Chavez, who resigned the mayoralty in November 1997 to run, was the runaway winner at the March nominating convention, amassing 53 percent of delegates' votes.
South Dakota, Montana
The floods that devastated the Dakotas in 1997 caused millions of dollars in damage. The bipartisan unity in bringing federal aid back to South Dakota won over most voters, and both Democratic Sen. Tom Daschle and Republican Rep. John Thune are expected to be rewarded in November.

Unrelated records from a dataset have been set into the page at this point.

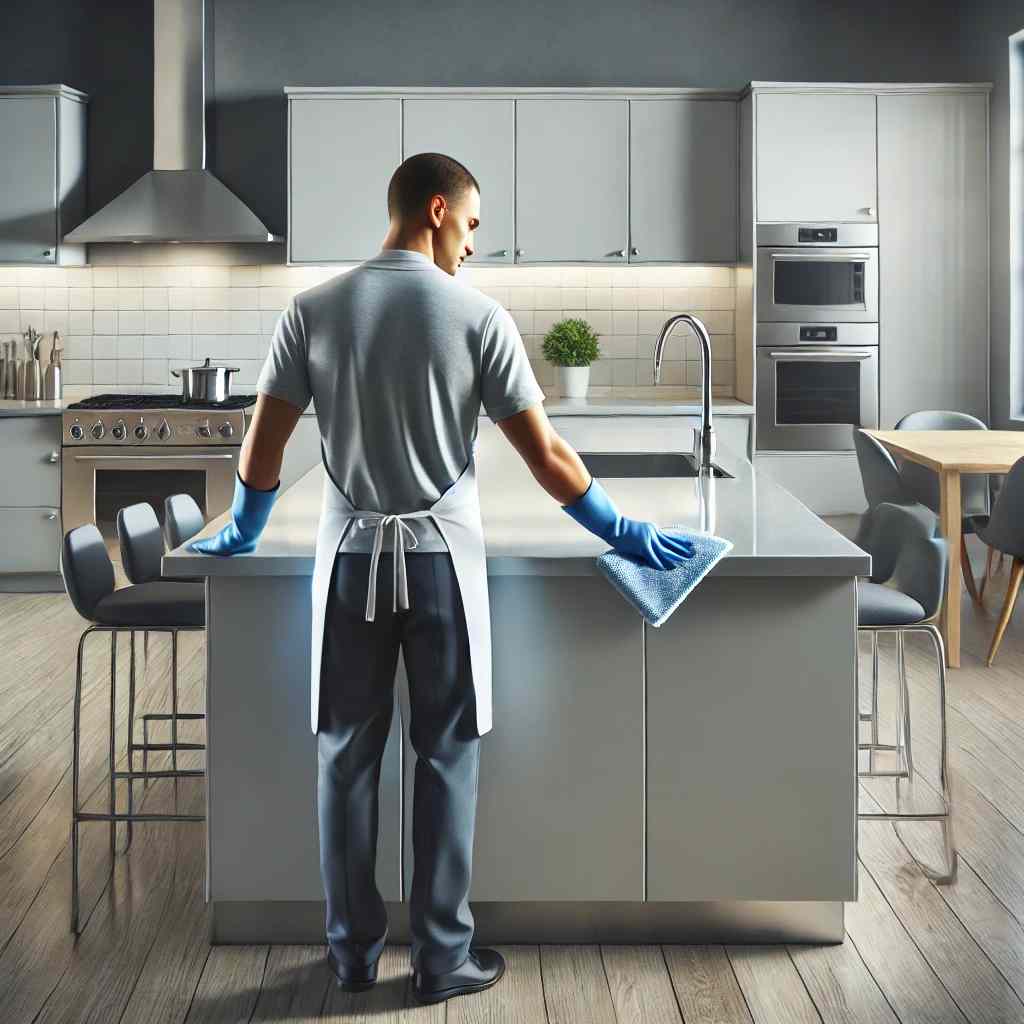 A professional cleaner wiping down a kitchen countertop during a move-out cleaning process in a modern, empty kitchen with stainless steel appliances.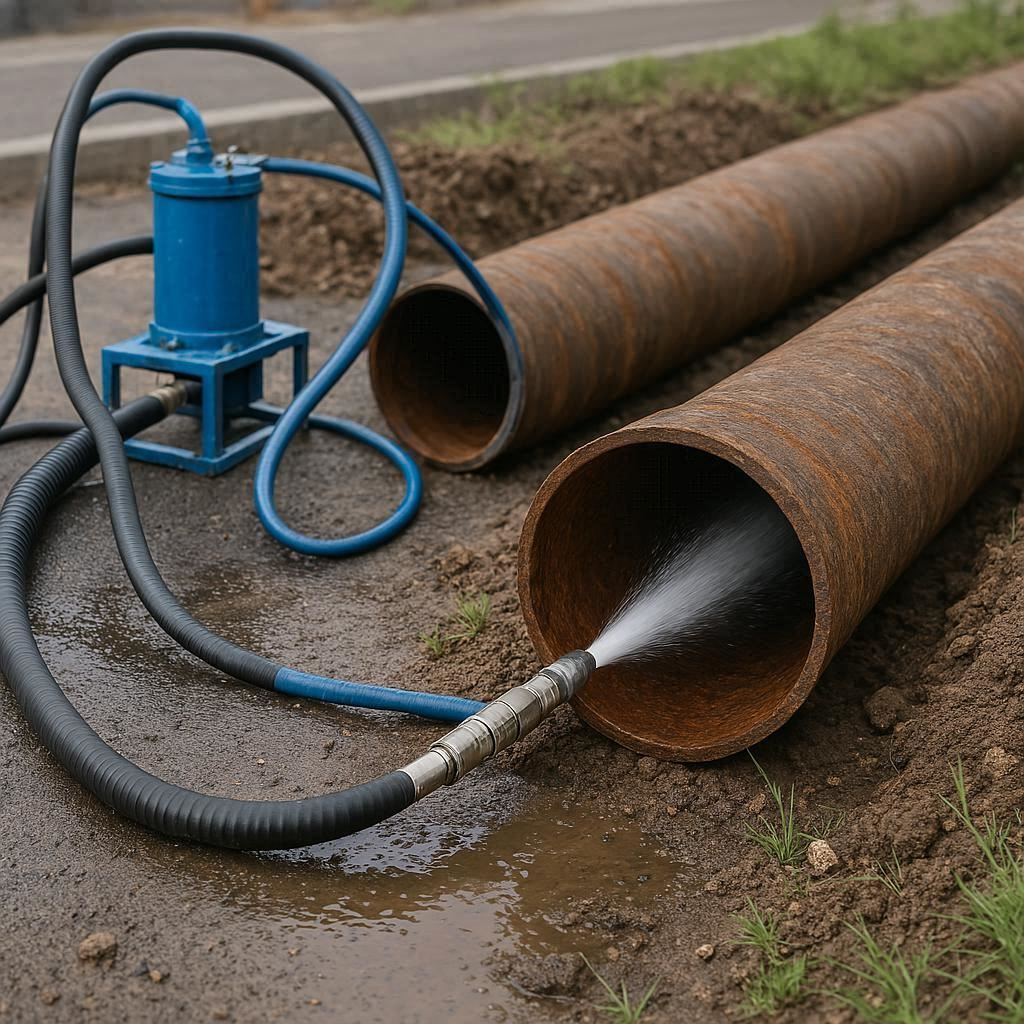Гидродинамическая прочистка водопроводных труб в Петродворце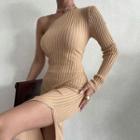 One-shoulder Knit Slit Midi Bodycon Dress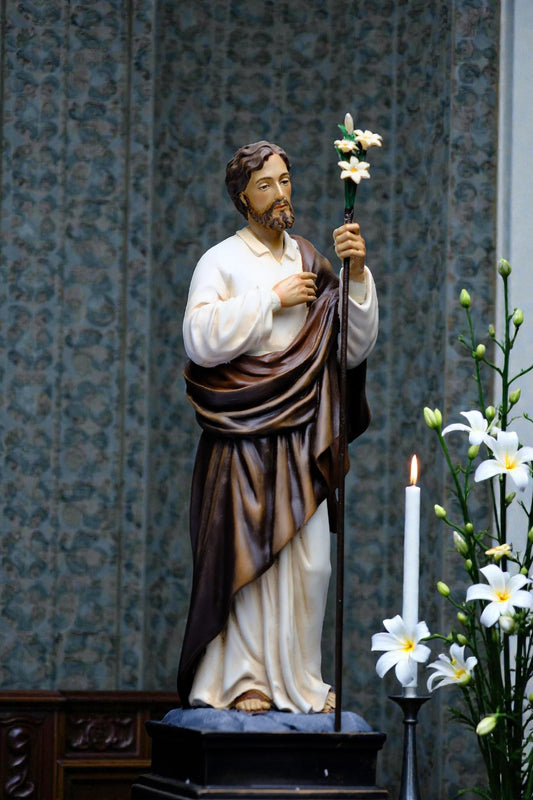 St Joseph Lily Statue 25cm | Hand Painted Catholic Saint Joseph Figurine for Home Altar Prayer Gift Decor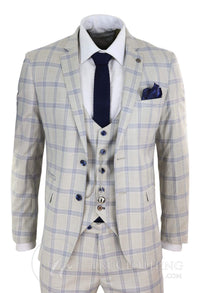 Mens Cream Blue Check Wedding Suit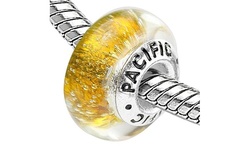 Sterling Silver 'Gold Digger' Murano Style Glass Bead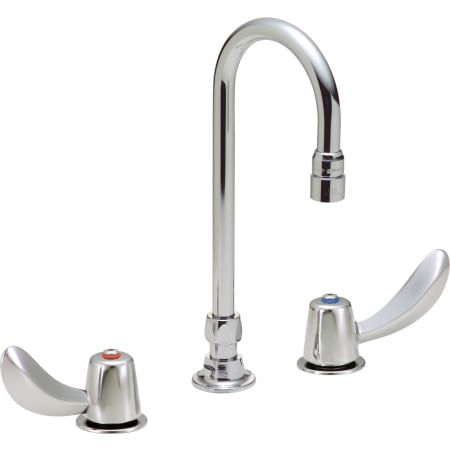 Delta Double Handle 1.5GPM Ceramic Disc Below Deckmount Kitchen Faucet with Hooded Blade Handles and Gooseneck Spout from the Commercial Series Chrome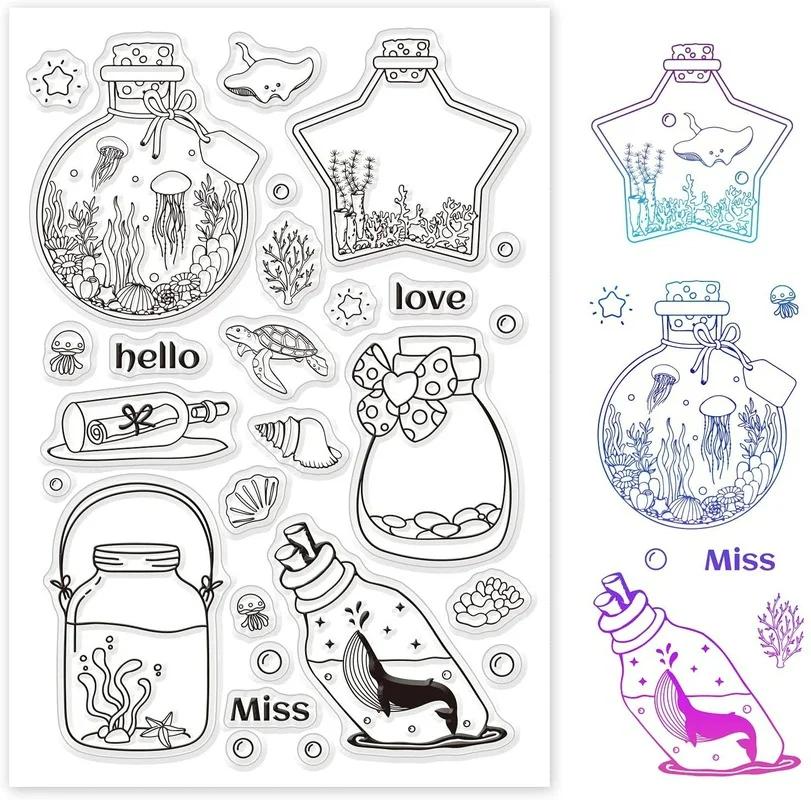 1PC Ocean Theme Wishing Bottle/Christmas/Flowers Clear Stamps Jellyfish Whale Seaweed Stamps Silicone Stamp Transparent Stamp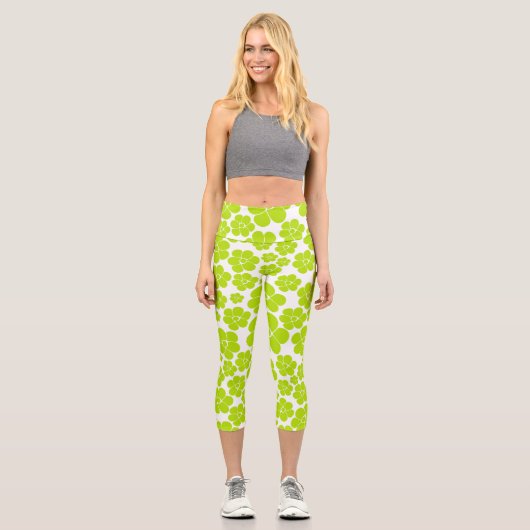 Leggings Capri Motif à fleurs en vert et blanc citron (Recto)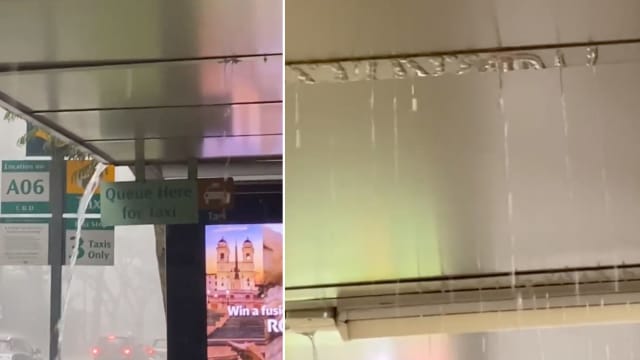 德士司机雨天车抛锚 德士站躲雨却见“水帘洞”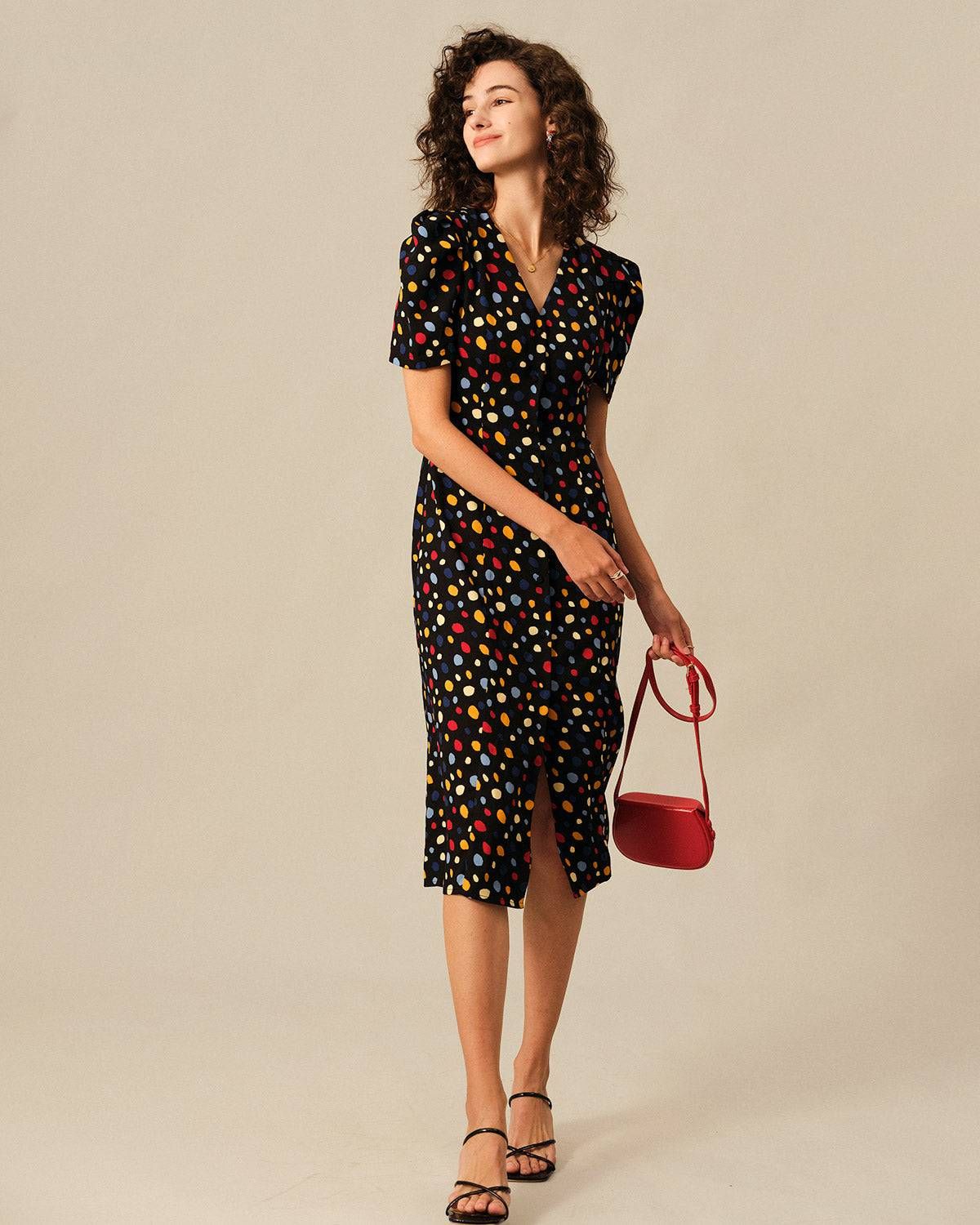 The Polka Dot Button-Up Midi Dress sold by rihoas product image thumbnail 2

Senate Minority Leader Daschle has been a strong fundraiser. At the end of March, he had raised more than $3.6 million and had $1.9 million cash on hand.
His nearest Republican opponent, lawyer Ron Schmidt, raised just $133,223, and had $61,483 cash on hand. Schmidt's main primary opposition, state Sen. Alan Aker, had slightly more than $1,000 cash on hand.
Thune won the state's lone House seat in 1996 with 58 percent of the vote after being outspent by Democrat Rick Weiland, a former Daschle aide. Since then, Thune has assembled a sizable treasury for his first re-election bid. He had raised $363,187 as of March 31 and had $223,390 cash on hand.
Democrats have pinned their comeback hopes on deputy state treasurer Jeff Moser.
With no Senate or governor race, Montana voters have little on their ballot June 2. The state's expansive House district, which encompasses the state, will have a competitive race, but not until November.
Democrats have set their sights on freshman Republican Rick Hill, who won in 1996 with only 52 percent. Hill's opponent in November will be Missoula County Prosecutor Robert "Dusty" Deschamps, a self-described moderate Democrat.
Deschamps has raised more than $171,000 as of March 31. But Hill had raised more than twice that amount -- more than $417,000.